The paper stated that to cover that loopholes and for effective control of speed the law should cover all classes - of vehicles not only commercial but public service and heavy duty vehicles.

The law should also clearly cover some other geographical locations not only urban areas or built up areas. The law needs to stipulate clearly the speed limits for areas around schools and play grounds, as well as other areas like national parks

The coalition for road safety recommended that, the RTA must be reviewed to ensure the local government takes up the role of regulating speed especially with to regional and districts roads…

…The law has provided too much discretional powers to the minister for making regulations on speed limits. To be more effective the law should provide clearly the control of speed in the principal legislation.

Further, the paper proposed that the law needs to include a generic absolute limit on speed regardless of road type or vehicle category.
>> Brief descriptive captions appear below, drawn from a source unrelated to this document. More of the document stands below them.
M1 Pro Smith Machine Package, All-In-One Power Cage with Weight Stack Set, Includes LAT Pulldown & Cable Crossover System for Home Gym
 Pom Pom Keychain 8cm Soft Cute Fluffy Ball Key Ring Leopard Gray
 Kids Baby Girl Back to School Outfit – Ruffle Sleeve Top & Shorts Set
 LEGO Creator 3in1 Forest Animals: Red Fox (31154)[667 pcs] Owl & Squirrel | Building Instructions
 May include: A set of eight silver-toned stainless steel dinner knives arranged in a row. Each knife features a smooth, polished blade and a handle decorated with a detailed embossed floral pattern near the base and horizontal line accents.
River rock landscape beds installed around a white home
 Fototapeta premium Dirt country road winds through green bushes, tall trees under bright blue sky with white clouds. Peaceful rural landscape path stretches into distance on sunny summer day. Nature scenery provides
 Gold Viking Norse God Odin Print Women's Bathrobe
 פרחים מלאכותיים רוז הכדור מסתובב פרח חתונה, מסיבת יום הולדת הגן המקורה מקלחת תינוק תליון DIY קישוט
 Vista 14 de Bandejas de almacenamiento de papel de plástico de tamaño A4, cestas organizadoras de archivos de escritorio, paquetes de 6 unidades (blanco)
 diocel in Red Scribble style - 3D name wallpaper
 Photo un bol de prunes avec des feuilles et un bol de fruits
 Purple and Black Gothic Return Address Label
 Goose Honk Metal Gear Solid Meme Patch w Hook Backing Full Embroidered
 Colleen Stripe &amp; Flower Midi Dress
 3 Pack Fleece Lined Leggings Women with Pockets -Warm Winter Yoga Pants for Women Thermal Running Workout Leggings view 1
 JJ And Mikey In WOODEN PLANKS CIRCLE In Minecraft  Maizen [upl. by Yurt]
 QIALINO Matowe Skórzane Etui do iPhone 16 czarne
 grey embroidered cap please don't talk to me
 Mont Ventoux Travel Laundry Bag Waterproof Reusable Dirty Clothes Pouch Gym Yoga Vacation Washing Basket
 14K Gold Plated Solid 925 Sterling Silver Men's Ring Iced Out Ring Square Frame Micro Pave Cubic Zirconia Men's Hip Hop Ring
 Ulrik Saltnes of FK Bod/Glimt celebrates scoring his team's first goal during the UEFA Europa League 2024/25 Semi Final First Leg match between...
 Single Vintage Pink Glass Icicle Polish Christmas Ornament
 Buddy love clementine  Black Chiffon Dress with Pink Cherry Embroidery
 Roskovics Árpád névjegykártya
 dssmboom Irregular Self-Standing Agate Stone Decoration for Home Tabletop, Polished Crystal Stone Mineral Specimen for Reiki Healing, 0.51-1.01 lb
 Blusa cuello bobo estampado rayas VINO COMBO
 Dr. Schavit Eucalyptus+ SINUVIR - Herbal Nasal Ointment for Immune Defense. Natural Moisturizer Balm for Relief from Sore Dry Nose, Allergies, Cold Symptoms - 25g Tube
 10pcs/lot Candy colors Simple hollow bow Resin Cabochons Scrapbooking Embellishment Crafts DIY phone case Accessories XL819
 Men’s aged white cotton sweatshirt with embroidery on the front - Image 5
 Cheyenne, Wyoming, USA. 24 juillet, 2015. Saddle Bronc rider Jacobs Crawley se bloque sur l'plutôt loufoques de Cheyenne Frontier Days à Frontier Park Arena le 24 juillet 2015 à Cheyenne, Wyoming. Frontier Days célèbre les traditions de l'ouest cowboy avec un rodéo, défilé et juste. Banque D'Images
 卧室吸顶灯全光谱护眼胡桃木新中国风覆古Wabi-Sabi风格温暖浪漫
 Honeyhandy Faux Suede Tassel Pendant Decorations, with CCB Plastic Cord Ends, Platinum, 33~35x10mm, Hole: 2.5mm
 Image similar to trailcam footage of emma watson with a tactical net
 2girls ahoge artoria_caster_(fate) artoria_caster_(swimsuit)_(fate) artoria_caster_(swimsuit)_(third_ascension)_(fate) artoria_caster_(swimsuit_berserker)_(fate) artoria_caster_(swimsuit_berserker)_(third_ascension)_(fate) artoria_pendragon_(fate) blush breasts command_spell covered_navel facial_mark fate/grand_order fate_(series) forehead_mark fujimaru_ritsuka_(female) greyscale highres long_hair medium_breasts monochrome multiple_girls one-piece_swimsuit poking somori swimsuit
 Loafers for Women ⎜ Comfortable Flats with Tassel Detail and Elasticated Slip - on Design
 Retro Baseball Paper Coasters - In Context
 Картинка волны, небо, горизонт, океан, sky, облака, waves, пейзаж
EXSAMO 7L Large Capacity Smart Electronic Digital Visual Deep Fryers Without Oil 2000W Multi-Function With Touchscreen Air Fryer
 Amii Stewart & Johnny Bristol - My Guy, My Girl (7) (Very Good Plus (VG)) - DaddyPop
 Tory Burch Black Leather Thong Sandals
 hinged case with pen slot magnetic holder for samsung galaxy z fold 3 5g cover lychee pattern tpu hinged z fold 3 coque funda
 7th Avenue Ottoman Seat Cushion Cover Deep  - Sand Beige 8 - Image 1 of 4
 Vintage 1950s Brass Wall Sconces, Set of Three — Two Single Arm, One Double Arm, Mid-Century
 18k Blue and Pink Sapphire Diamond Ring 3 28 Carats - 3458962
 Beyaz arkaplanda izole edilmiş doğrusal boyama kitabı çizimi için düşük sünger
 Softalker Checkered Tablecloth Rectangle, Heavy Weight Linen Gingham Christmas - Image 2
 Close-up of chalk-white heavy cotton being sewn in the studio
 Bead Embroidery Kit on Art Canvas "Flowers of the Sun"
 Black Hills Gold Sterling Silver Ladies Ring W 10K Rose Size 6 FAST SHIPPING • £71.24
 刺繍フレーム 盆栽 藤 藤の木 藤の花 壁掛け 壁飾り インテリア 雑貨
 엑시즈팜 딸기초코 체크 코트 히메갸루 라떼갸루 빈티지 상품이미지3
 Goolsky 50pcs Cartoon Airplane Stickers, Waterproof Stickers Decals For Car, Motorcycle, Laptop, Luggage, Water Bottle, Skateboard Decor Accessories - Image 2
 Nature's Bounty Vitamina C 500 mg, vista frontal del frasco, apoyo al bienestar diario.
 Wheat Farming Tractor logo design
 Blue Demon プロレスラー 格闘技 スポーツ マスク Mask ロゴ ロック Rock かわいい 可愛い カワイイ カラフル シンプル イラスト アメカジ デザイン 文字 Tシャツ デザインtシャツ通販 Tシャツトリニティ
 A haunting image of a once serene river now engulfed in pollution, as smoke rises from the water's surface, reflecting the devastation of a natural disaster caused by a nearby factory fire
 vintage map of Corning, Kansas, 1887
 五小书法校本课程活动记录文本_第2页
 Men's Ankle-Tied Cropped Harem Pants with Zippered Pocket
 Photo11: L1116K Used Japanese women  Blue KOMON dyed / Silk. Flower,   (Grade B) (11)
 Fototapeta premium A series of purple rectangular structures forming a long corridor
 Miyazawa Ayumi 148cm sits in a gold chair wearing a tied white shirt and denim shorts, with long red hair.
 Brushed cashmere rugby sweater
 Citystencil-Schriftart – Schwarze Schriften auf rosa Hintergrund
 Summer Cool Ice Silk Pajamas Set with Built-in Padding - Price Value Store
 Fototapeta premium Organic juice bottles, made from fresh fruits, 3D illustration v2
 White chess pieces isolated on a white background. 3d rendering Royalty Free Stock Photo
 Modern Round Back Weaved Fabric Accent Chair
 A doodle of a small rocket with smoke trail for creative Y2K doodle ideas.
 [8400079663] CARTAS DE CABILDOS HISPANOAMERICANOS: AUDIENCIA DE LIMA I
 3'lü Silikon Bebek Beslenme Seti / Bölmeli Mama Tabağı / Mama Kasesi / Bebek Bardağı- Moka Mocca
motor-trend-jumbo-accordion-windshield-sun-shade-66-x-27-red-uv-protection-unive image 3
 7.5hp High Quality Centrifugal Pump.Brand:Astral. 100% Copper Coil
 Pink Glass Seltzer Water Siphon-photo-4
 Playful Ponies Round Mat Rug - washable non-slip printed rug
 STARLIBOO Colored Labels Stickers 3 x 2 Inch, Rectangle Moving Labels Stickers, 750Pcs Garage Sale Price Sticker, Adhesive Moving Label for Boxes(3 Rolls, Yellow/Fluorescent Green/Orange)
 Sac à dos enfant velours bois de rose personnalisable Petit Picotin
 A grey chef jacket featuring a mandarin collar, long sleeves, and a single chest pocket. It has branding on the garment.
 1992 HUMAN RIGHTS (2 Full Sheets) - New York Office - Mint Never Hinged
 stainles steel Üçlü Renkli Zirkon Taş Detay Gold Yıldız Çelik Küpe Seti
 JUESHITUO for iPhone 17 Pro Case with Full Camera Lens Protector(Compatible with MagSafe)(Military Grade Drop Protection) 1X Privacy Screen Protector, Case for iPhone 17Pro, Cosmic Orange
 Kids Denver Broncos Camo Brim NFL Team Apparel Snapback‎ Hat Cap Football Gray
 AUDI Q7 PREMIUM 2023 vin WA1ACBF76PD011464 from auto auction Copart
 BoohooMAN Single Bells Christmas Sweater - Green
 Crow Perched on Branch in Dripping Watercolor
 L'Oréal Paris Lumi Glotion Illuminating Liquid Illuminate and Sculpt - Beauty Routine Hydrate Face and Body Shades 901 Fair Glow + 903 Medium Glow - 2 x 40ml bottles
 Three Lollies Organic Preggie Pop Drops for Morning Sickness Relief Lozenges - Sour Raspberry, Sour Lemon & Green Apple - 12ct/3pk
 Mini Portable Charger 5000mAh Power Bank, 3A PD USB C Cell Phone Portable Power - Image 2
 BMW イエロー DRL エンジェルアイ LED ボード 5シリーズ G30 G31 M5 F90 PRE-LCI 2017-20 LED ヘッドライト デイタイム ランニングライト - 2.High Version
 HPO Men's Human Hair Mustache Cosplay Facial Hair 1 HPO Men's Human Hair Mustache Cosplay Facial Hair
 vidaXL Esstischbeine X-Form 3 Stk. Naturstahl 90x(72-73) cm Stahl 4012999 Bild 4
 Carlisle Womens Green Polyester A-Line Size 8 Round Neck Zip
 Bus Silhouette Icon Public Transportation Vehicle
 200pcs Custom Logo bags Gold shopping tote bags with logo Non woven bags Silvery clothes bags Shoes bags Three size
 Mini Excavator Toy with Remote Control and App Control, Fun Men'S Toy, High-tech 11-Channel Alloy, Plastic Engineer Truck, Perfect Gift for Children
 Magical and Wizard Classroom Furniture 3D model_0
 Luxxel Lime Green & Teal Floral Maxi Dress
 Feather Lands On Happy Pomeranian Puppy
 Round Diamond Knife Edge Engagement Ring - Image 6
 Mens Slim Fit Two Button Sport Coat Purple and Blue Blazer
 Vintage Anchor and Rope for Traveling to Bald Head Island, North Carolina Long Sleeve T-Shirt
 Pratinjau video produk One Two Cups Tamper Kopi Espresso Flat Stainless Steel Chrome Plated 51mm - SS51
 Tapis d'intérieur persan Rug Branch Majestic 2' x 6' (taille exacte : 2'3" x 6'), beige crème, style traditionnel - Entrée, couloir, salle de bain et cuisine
This will ensure safety for all users and align the law with internationally accepted standards.

The paper says the Road Act, 2007 is not explicit on enforcement mechanism for its provisions that relate to speeding, thus one can safely assume that the powers of enforcement are vested in the Police Force.

It is important to also note the provisions of the Transport Licensing Authority, Cap 317 in so far as commercial vehicles and cargo are concerned.

The paper calls for harmonization between the RTA and the Road Act which will among other things create synergy in the institutional and legal framework.